Cette même année 1981, le Vendéen profite donc du vent de liberté qui souffle sur la bande FM pour créer, le 27 novembre, Alouette, jeune radio herbretaise. Un an plus tard, il en abandonne les responsabilités pour confier le bébé à son frère Bertrand. Car, principale caractéristique de l’homme fort de la Vendée, il a toujours su s’entourer et gérer ses affaires en famille, qu’elle soit génétique ou idéologique.

[…] Quelques années plus tard….

Avant sa démission du gouvernement Chirac, en juin 1987, le futur président du conseil général de la Vendée aura tout de même réussi à mettre un coup d’arrêt au plan de développement des locales de Radio-France. Et de faire de la Vendée un véritable no man’s land du service public. « A cette période, poursuit un ancien journaliste, la carte d’implantation des locales de Radio-France opérait un contournement systématique de ce département.

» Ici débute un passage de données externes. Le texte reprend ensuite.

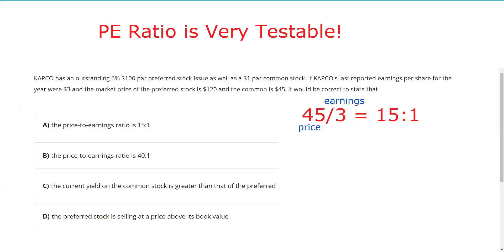The answer is A — the price-to-earnings ratio is 15 to 1. If you're taking a 65 or 66, also know that as a value investor you'd be looking for a lower P/E ratio. What this means is it's going to take 15 years of earnings to get back what you paid in price. As a value investor you'd want a lower P/E. As a growth investor, you'd be willing to pay a higher P/E because the idea is that earnings are going to grow — earnings today are much lower than they'll be in the future.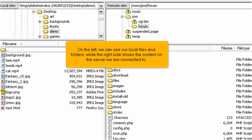On the left, we can see our local files and folders, while the right side shows the content on the server we are connected to.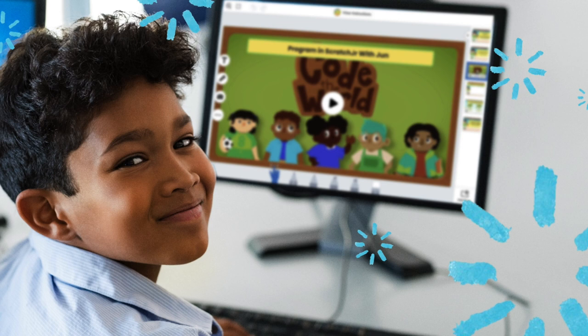With coding lessons for every elementary classroom, on the platform built for student agency and creation, every student can develop the skills and confidence to see themselves as computer scientists.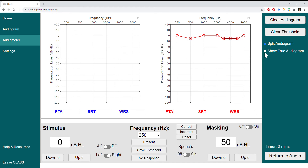To switch ears, you can use the toggle, or push the E button to switch over to the left-hand side. You can also push L for the left ear or R for the right ear. We'll return to 1000 Hz, and since we know this is a symmetrical hearing loss, I don't need to start all the way up at 50 dB HL, but you're welcome to do so if you prefer.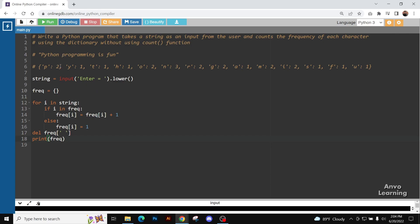Now since we are doing only for the lowercase, we are not going to take the uppercase and lowercase separately. In this case, that's why we are going to convert all the letters to lowercase.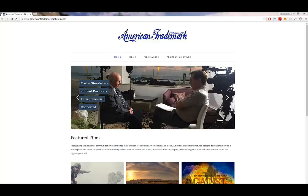Hello, and this is the AmericanTrademarkPictures.com website tutorial. Congratulations on getting your website up. In this tutorial, we are going to go through each component of the website and show you how to manage the website moving forward.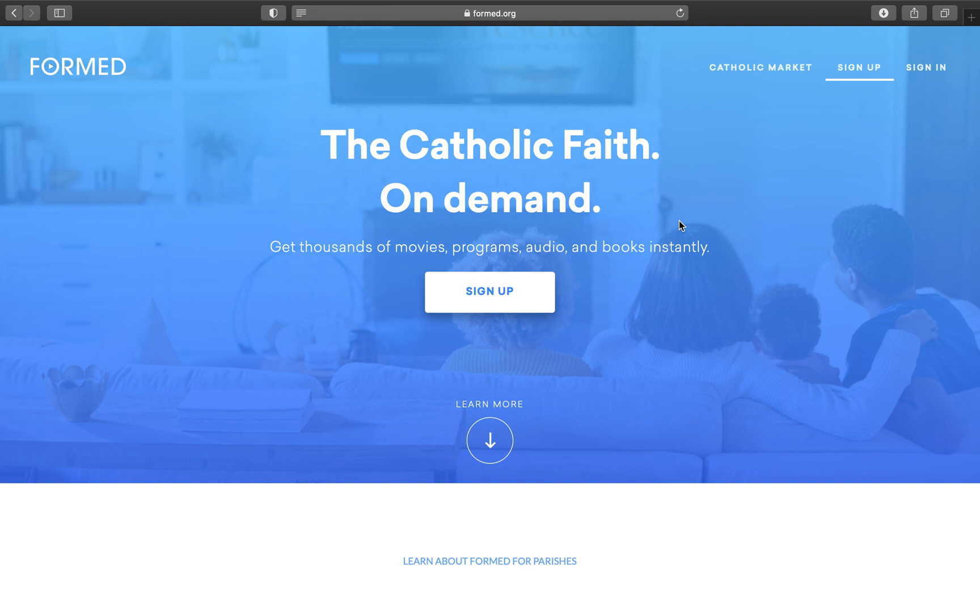Hey y'all, welcome to our little tutorial for how to sign into the new Formed.org website for St. Hilary of Poitiers.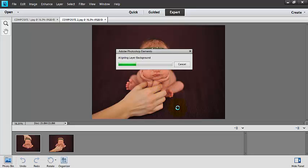I could have also done Group Shot if I had wanted to, and I would get a very similar or the same result. So right now it's aligning my images to decide how it should go ahead and merge them. I'm just going to give it a second here to finish.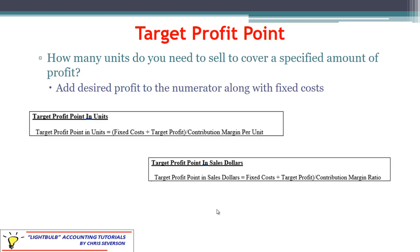A derivative of breakeven is the target profit point, which tells us how many units we need to sell not only to cover fixed expenses but also to achieve a specified profit amount. The equation is almost identical to breakeven — the only change is in the numerator. Instead of just fixed costs, we use fixed costs plus target profit. Dividing by contribution margin per unit gives the target profit point in units. Dividing fixed costs plus target profit by the contribution margin ratio gives the target profit point in sales dollars.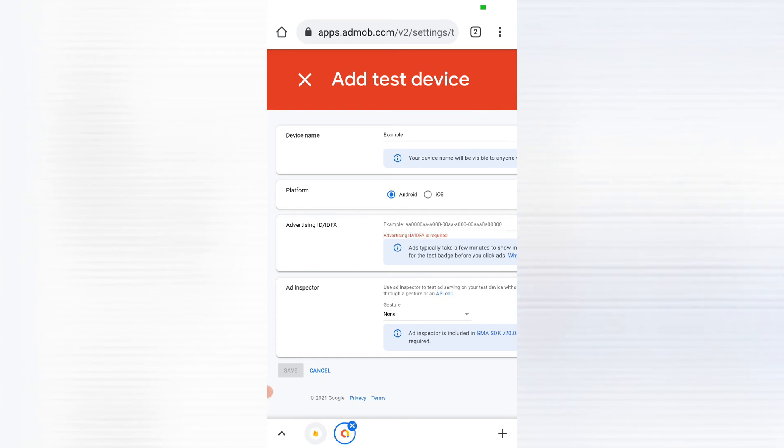And it will save your test device. So this means once you are done and you have saved, all the ads that will be running on the device that you've just added will have the test tag.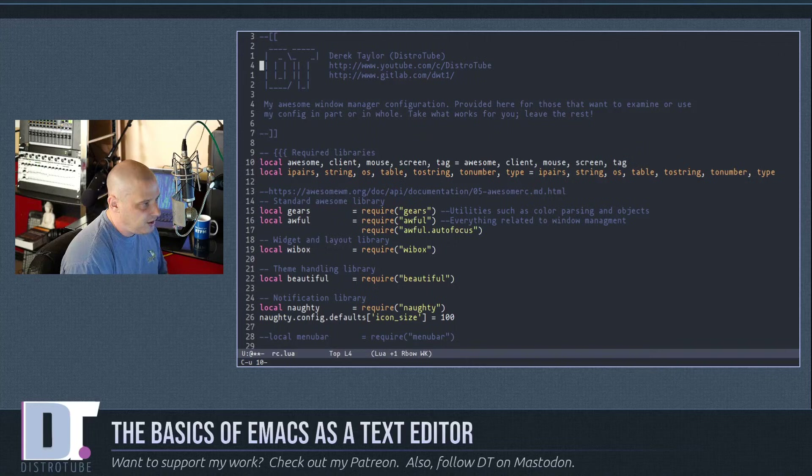Meta-w copies, but if you want to cut, use Ctrl-w. Let me Ctrl-x u to undo, select the entire word, then Ctrl-w cuts that entire word. Again, Ctrl-y to paste, and Ctrl-x u to undo.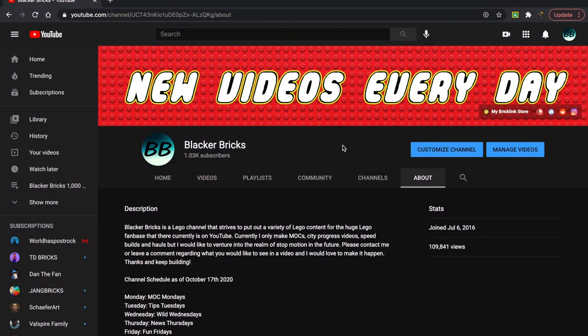Hey guys, what's up? Blacker Bricks here, back with another video. So this video is actually created for all of my wonderful Lego Club students. Thank you guys for tuning in.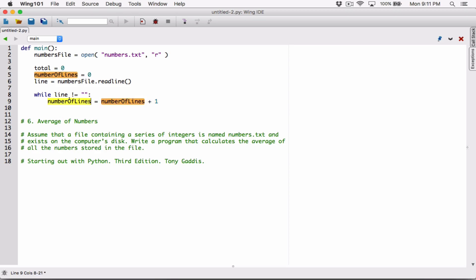This same line can be written in a shortcut version: instead of number_of_lines equals number_of_lines plus one, we can write it as number_of_lines plus equals one. This is called a combined assignment operator — it means you're increasing number_of_lines by one.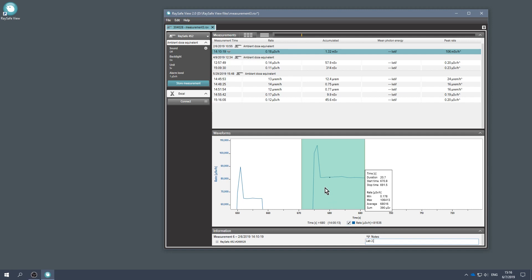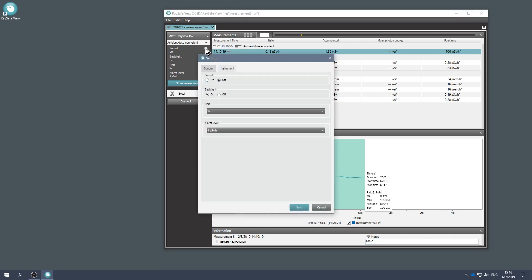You can change the instrument settings from RaySafe View. Press the cogwheel to access the instrument settings. Let's change the dose unit.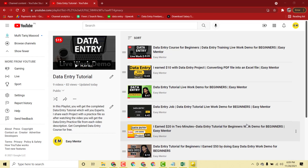Welcome to my YouTube channel. In this video I'm going to share with you a new data entry project which I got on a board. I will show you everything step by step, so let's get started.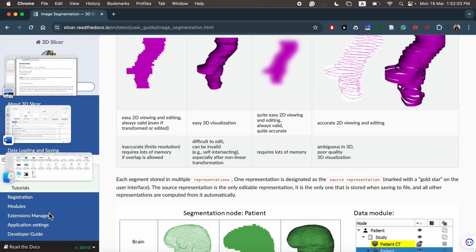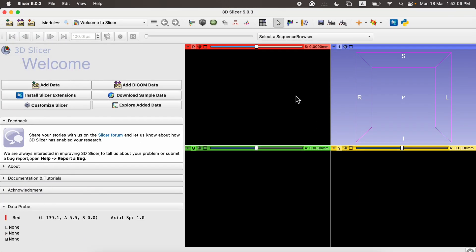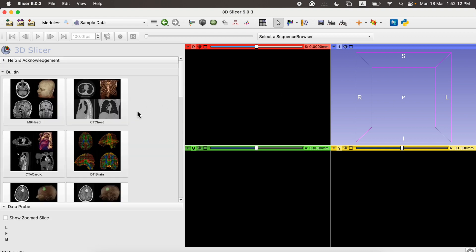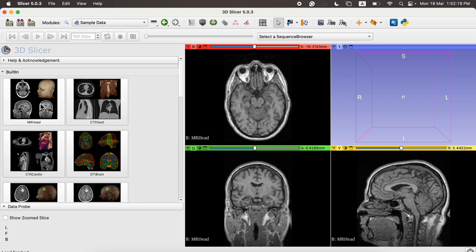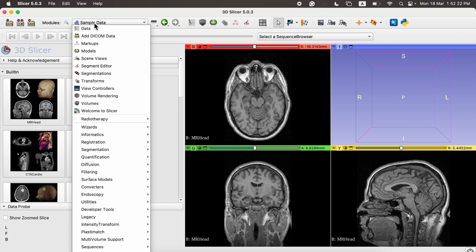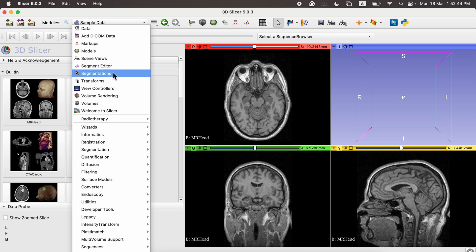Let's start. First we go to the 3D Slicer tool and we need some data to perform segmentation. We'll click on Download Sample Data and use this MR head image — simply click on it and it will display the image. To perform segmentation we require two windows: the Segment Editor and Segmentations. The Segment Editor lets us create and edit segmentations and delineate different regions.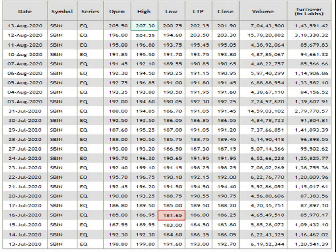This is the 1-month data analysis. According to this, the resistance level is 207.3 and the support level is 181.65. The traded volume is pretty impressive.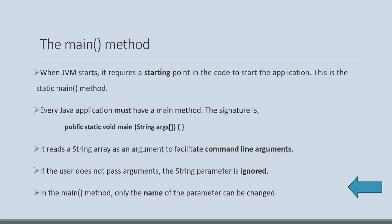Every Java application must have a main method. The string array facilitates command line arguments. We will see what is that. Parameters. And then if user does not pass arguments, string parameter is ignored.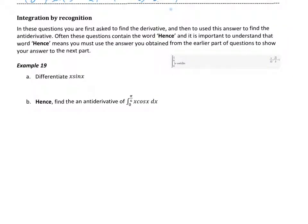Integration by recognition is a really important part of the course in the sense that it's always on every exam and it's always an area that students typically battle with. The process is normally we get asked to differentiate a function, because we'll need that answer to help us anti-differentiate a function that we can't work out.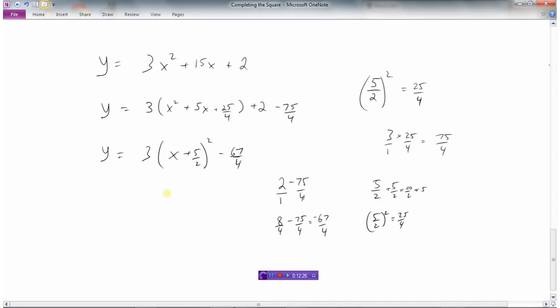So we get 3 times x plus 5 over 2 all squared minus 67 fourths. Now we've put it in vertex form and we know that this graph would look like y equals 3x squared but moved left 5 over 2 and moved down 67 fourths. That's how we use completing the square — it just takes some practice going through several examples to get the pattern.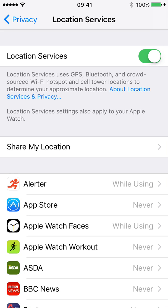Now by default this is switched on, which is useful because obviously when you're accessing Google Maps or iPhone Maps or anything else like that — weather apps — you want to be able to check the data on that without having to constantly be reminded to turn on your GPS location.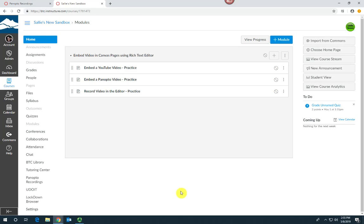Hello, this is Sally from eLearning and I'm going to demonstrate how to record audio or video directly into Canvas using the rich content editor.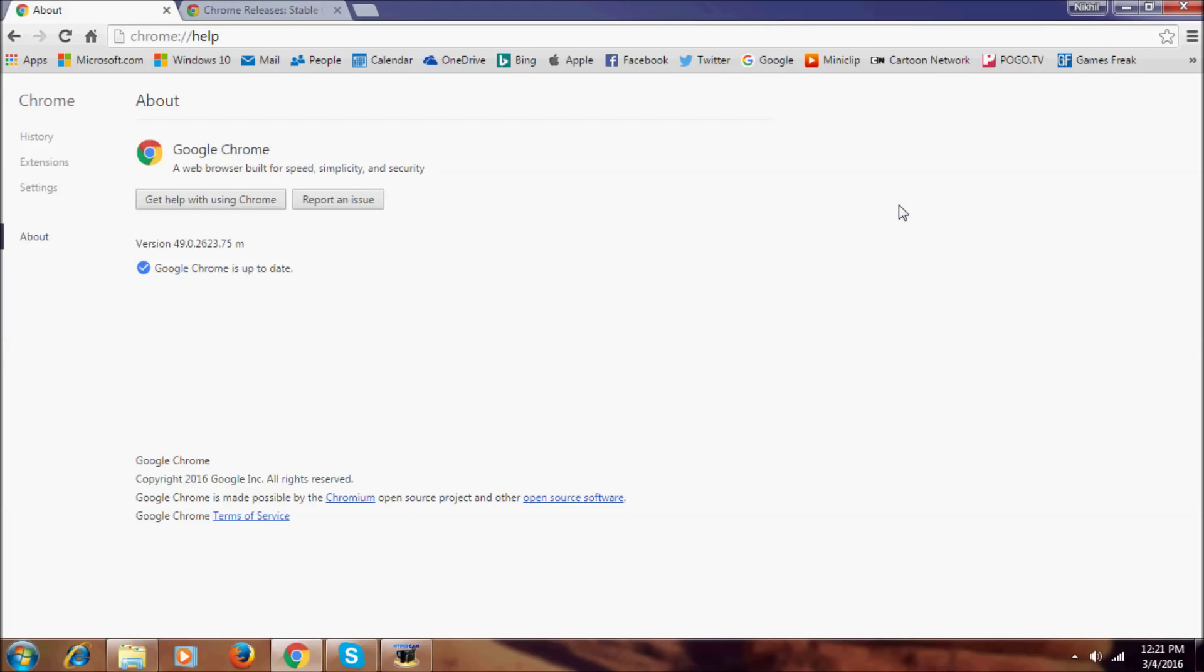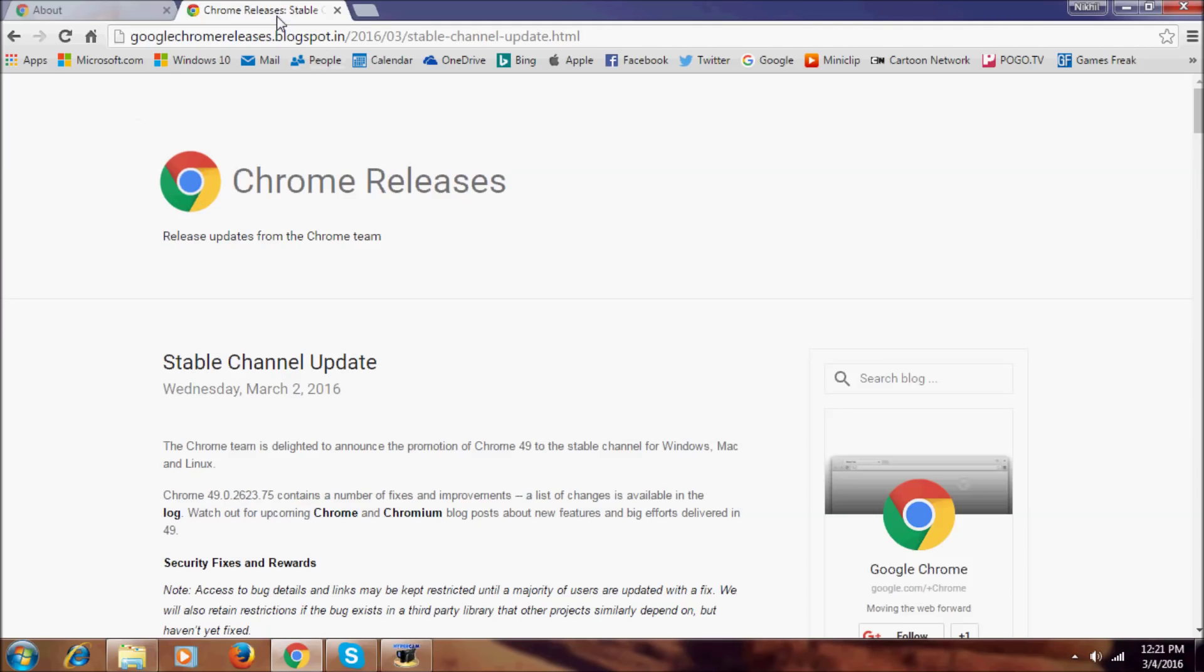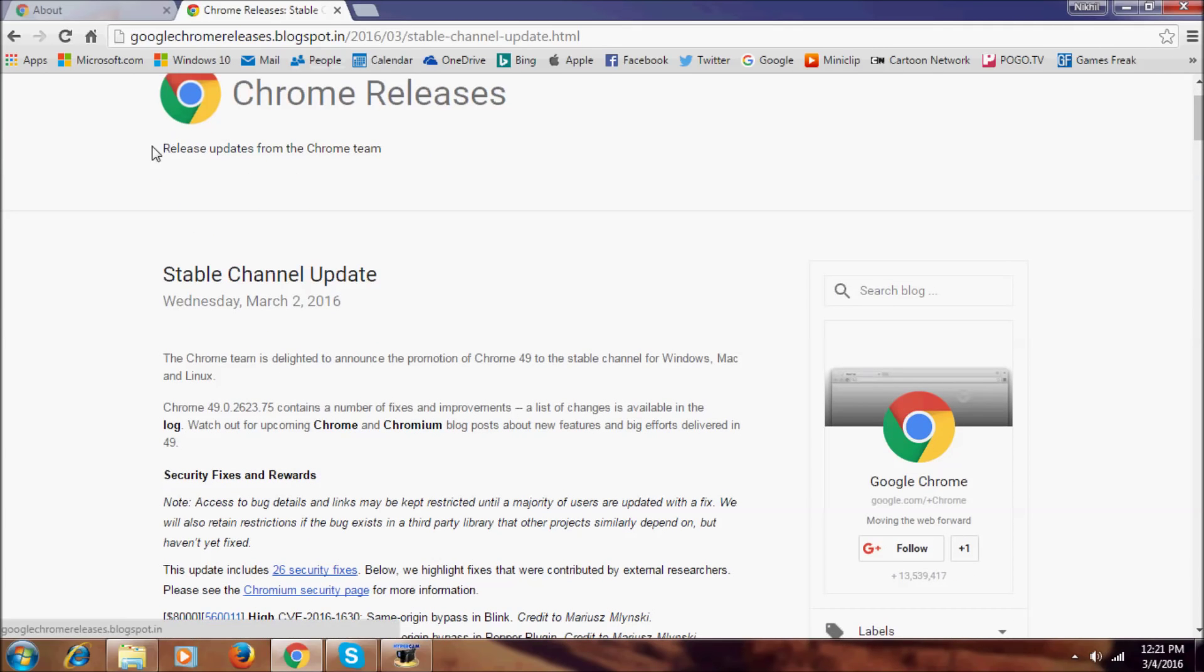Hi everyone, I am Nikhil. Welcome to NikhilTag. In this video we are going to show you the new features in Google Chrome version 49.0.2623.75. In this build there's only one major change, that is smooth scrolling.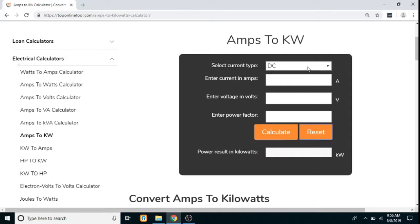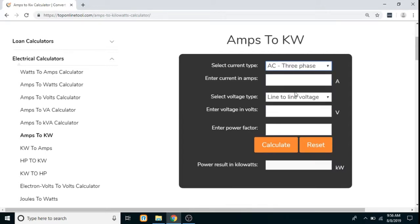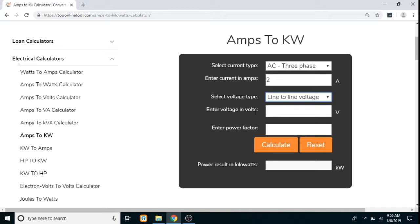Next current type: AC three phase. Again, first enter the current. Here, there is one additional option — voltage type. We have to select between line to line or line to neutral. Then enter the voltage, power factor, and click calculate, so the result will be displayed in Kilowatts.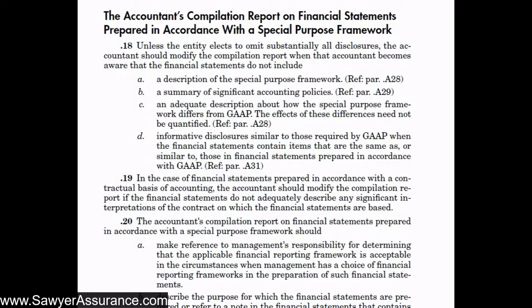Here we are continuing our discussion of ARC section 80 as it relates to the compilation of financial statements. In the last video we discussed the general requirements and inclusions in the Accountants Compilation Report. Now we're going to discuss the compilation report whenever the financial statements are prepared in accordance with the special purpose framework, as opposed to GAAP, which is a general purpose framework.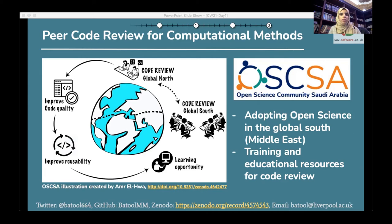One thing we are doing this year — and by we, I mean the Open Science Community Saudi Arabia — we're working toward building learning materials which teach and train the practices of code review in Arabic. It's also part of our initiative to adopt open science in the Middle East. Parallel work is also being done by the code review community working group to develop a how-to guide for code review in English.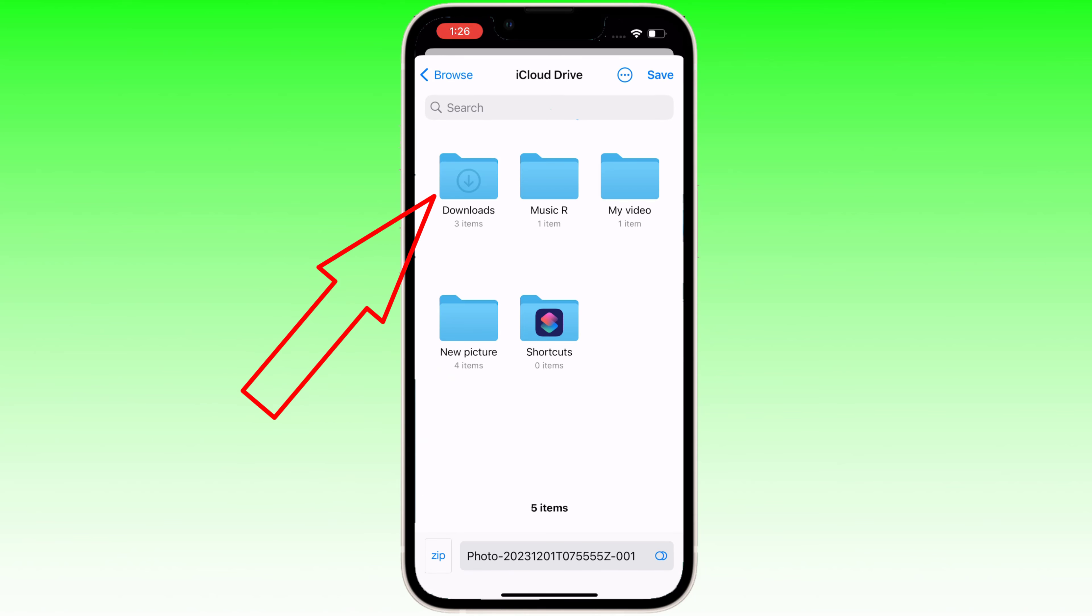You can save this file in any folder, but this time I am saving this file in downloads folder.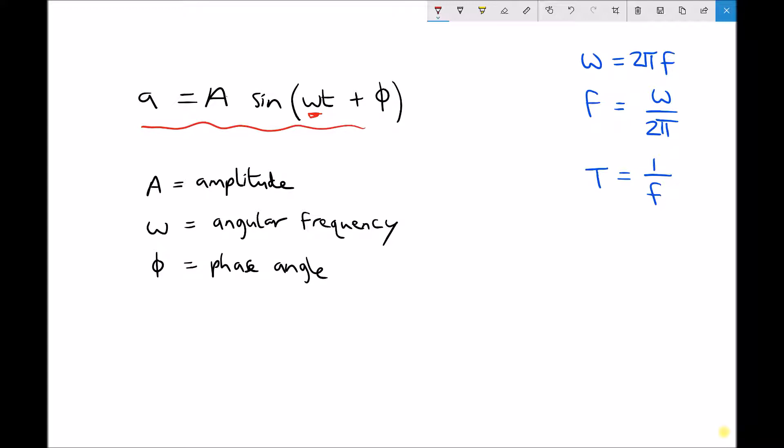In the top right-hand corner we have three equations for the wave properties. First, we have omega equals two pi f, where f is the frequency — the number of complete cycles per second. If we wanted to determine the frequency we can use our value of omega. Rearranging that first formula to make f the subject, we get f equals omega over two pi.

Elle passait par Nantes, Tours, jusqu’à Châteauroux pour reprendre à Bordeaux. Sans jamais passer par la case La Roche-sur-Yon. » Une mise à l’écart qui durera dix-neuf ans. Avant l’implantation de France Bleu Loire Océan dans la ville centre, en janvier 2005.

Ainsi, depuis sa création, la radio qui passe « toujours plus de hits » aura été préservée de la concurrence et revendique, aujourd’hui, plus de 100 000 auditeurs quotidiens qui captent ses longues plages musicales par le biais de 23 fréquences disséminées entre les territoires de la Vendée, de la Charente, de la Charente-Maritime, des Deux-Sèvres, de la Loire-Atlantique, du Maine-et-Loire, de la Mayenne et de la Vienne. « Alouette, c’est un peu l’Olympique lyonnais de la radio depuis 2001 », se vante un responsable de la station, dans un article de Vendée-Matin, paru le 29 septembre 2006. Pas trop difficile quand on joue sans adversaire depuis vingt ans…

Acte II : la presse écrite. La communication instituée en information généraliste.
Avec les Hauts-de-Seine, la Vendée est le département français qui engloutit le plus d’argent public dans sa communication. Notamment dans le Journal de la Vendée, un mensuel devenu bimensuel, qui fascine par sa maquette à la fois dynamique et aérée. Cet organe institutionnel se substitue de plus en plus à la presse régionale. « Pour cela, Villiers est un homme d’une habilité remarquable, souligne un fin observateur du monde médiatique vendéen. Il insiste sur des sujets porteurs. Il sait surfer sur les dossiers du moment (culture, environnement, économie, sports etc.). »

Surtout, il a réussi à faire passer ce journal pour un média généraliste ou, tout du moins, en ancrer l’idée dans la tête des Vendéens. […]

Acte III : la télévision. Premier cafouillage du clan villièriste ?

Pour une institution qui ne laisse jamais rien au hasard et bétonne tous ses dossiers, le cas de TV Vendée reste un mystère. Annoncé à grands renforts d’articles dithyrambiques dans les colonnes du Journal de la Vendée, le projet reste pour le moins invisible. C’est bien simple, quand on tape « TV Vendée » sur un moteur de recherche, on tombe directement sur le site web du conseil général.

[…]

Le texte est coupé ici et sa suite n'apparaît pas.